◆ PROBLEM TO WORK ON ◆
The material below includes pictures; leave them out and return only the lines between the line containing "Elvine - Womens" and the line containing "Christmas eve caroling", inclusive, word for word.

◆ MATERIAL FOR THIS TASK ◆
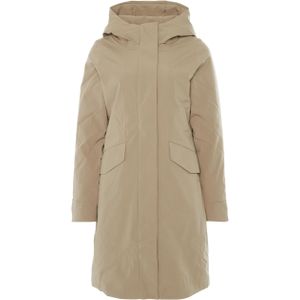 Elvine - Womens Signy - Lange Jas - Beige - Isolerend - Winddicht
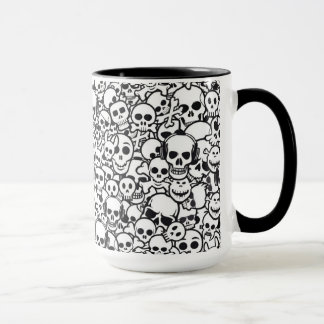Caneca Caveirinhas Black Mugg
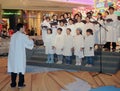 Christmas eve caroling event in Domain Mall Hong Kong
--
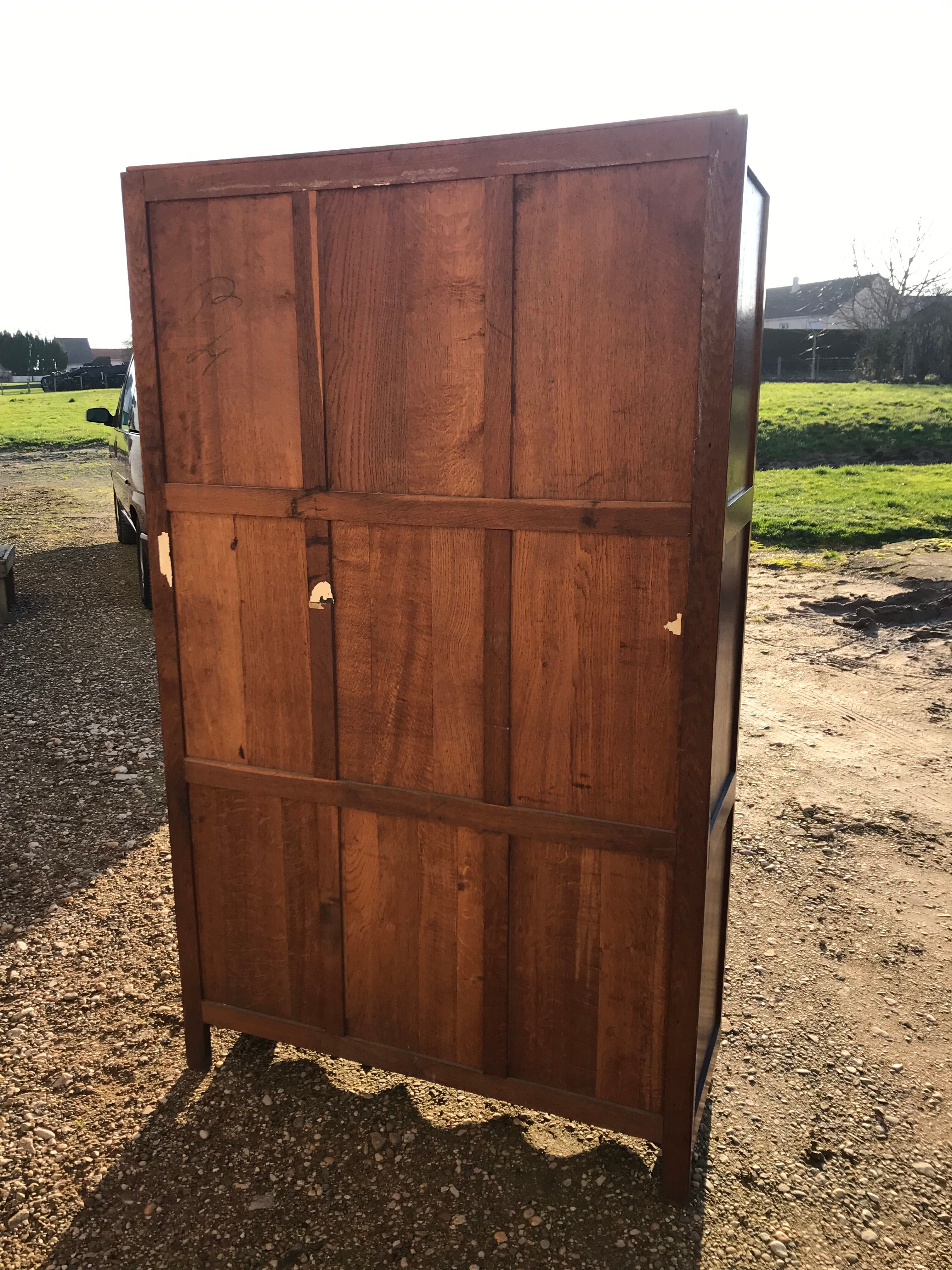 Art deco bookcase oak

◆ ANSWER SPACE ◆
 Elvine - Womens Signy - Lange Jas - Beige - Isolerend - Winddicht
Caneca Caveirinhas Black Mugg
 Christmas eve caroling event in Domain Mall Hong Kong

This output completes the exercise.